Phi-3-medium-128k-instruct
Property | Value |
---|---|
Parameter Count | 14B |
Context Length | 128,000 tokens |
License | MIT |
Developer | Microsoft |
Training Data | 4.8T tokens |
What is Phi-3-medium-128k-instruct?
Phi-3-medium-128k-instruct is Microsoft's state-of-the-art language model designed for lightweight yet powerful AI applications. As part of the Phi-3 family, this 14B parameter model stands out for its impressive 128k token context window and specialized training focusing on reasoning capabilities.
Implementation Details
The model utilizes a dense decoder-only Transformer architecture, fine-tuned through Supervised Fine-Tuning (SFT) and Direct Preference Optimization (DPO). It's optimized for BF16 precision and requires modern GPU hardware like NVIDIA A100, A6000, or H100 for optimal performance.

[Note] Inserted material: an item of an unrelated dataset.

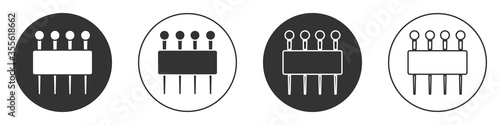 Black Needle for sewing icon isolated on white background. Tailor symbol. Textile sew up craft sign. Embroidery tool. Circle button. Vector Illustration.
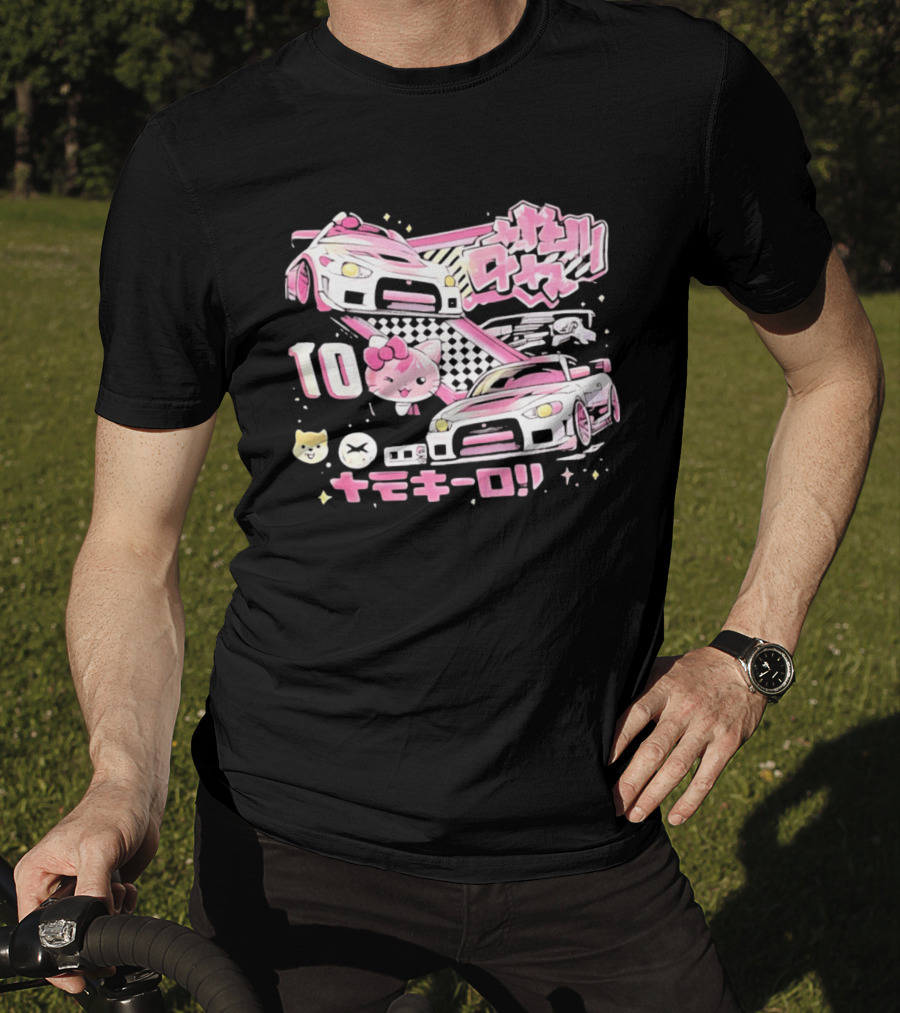 Hello Kitty Pink Racing Car Aesthetic JDM !! 10 Racing Cats T-Shirt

- Trained on 4.8T tokens including 10% multilingual content
- Supports vocabulary size up to 32,064 tokens
- Implements Flash Attention for improved performance
- Compatible with ONNX runtime for cross-platform deployment
Core Capabilities
- Strong reasoning performance in math, code, and logic tasks
- Extensive context handling up to 128k tokens
- Multilingual support with focus on English
- Optimized for memory/compute constrained environments
- Exceptional performance in benchmarks compared to larger models
Frequently Asked Questions
Q: What makes this model unique?
The model combines relatively small size (14B parameters) with exceptional reasoning capabilities and a large 128k context window, making it particularly suitable for resource-constrained commercial applications while maintaining competitive performance against larger models.
Q: What are the recommended use cases?
The model excels in scenarios requiring strong reasoning capabilities, particularly in code generation, mathematical problem-solving, and logical reasoning tasks. It's ideal for applications with memory/compute constraints or latency-sensitive requirements.